Now -read the book!

Here is a link to my memoirs which, if you are a glutton for punishment, you can purchase online at https://www.kobo.com/gb/en/ebook/an-obscure-footnote-in-trade-union-history.
Men fight and lose the battle, and the thing that they fought for comes about in spite of their defeat, and when it comes turns out not to be what they meant, and other men have to fight for what they meant under another name. (William Morris - A Dream of John Ball)

Saturday, June 30, 2012

The crisis facing (Labour) Councils

The great and the good in local government are right to be worried (http://www.bbc.co.uk/news/uk-politics-18610169).

Our local authorities face long term increases in demand for services founded upon demography, a medium term challenge to financial stability arising from changes to local government finance and the benefits system, and a short term threat of further reductions in funding.

Local Councils are always most at risk from a Government hell-bent on cuts, because Ministers take less political heat for cutbacks for which locally elected politicians have to take responsibility. Those in local government currently patting each others backs for having managed to make savage cuts thus far without financial meltdown ought perhaps to reflect upon the fact that their lauded "financial competence" makes them an easier target for further disproportionate savings in the next spending round.

The latest hope (though hardly new) is the chimera of shared services, currently being pursued (in London) in the various guises of the "Tri-Borough" and "Project Athena". Councillors desperate to believe that they can make deep cuts whilst protecting "front-line services" are investing in a variety of dogs' breakfasts in the hope that economies of scale will deliver them from their torment. This (as readers in the South West will know) is a triumph of hope over experience.

Meanwhile at the "front-line" local authorities are tail-ending Cameron's "Big Society" privatisation project (even when rebranding it as "co-operative") and hoping against hope that local people themselves will somehow square the circle and enable Councillors to claim credit for the delivery of better services with fewer resources.

For Labour Councils, in the run up to the next General Election, the Coalition Government have erected two well-signposted bear traps between which they find themselves caught.

On the one-hand (and this is the trap the Councillors see all too clearly) Labour in local government fears that, if it can be accused of being imprudent or wasteful, this will hinder the electoral prospects of the "two Eds" at Westminster. Particularly in some parts of Inner London, where certain Labour politicians have never moved on from the personal trauma of the inner-Party strife of the late 80s, there is a folk memory (which is not correct) of electoral damage done to Neil Kinnock in 1987 by tales of the "loony left."

The other bear trap, which appears less well understood in Labour Groups, is the grave risk that, by acting as the agents of a Tory-led Government to deliver damaging spending cuts which have increased rather than reduced the deficit, we will compound the disillusionment amongst Labour supporters which was what lost Labour the last General Election.
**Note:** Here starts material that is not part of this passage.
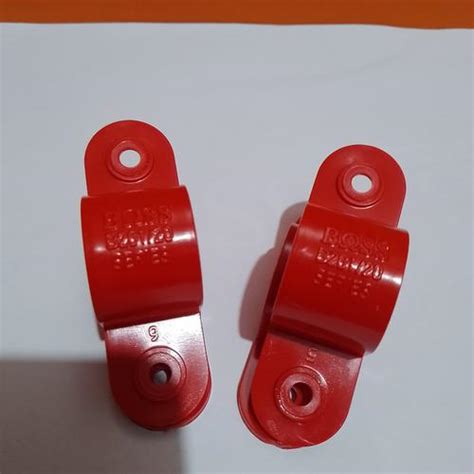 jual klem pipa conduit mm warna merah merk boss tipe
As a Tory Government in office becomes less popular, more and more Councils fall to Labour. If these Councils implement Tory-mandated spending cuts (as they are) this provokes either strife or despair. There is a contradiction, in these circumstances, between being efficient administrators of the local state and being leaders of the local working class.

This contradiction is reflected in the inevitability of conflict between Labour Councils and trade unionists who refuse to engage in "concession bargaining" or the surrender of conditions of service won for us by those before us.

The resolution of the contradiction, which would enable Labour Councils to navigate a path between the two bear traps, would require a change of approach at the top of both wings of the labour movement. We need a political leadership which will chart a clear anti-cuts, anti-austerity path and an industrial leadership which is prepared to use trade union power for political ends, uniting all those suffering in these worst times we can remember.

Absent these two necessary conditions we're left with bitter damage limitation and attempts to slow the continuing descent into social disintegration.

But then (as regular readers Sid and Doris Blogger will appreciate) you don't get to the end of a post on this blog expecting to have been cheered up!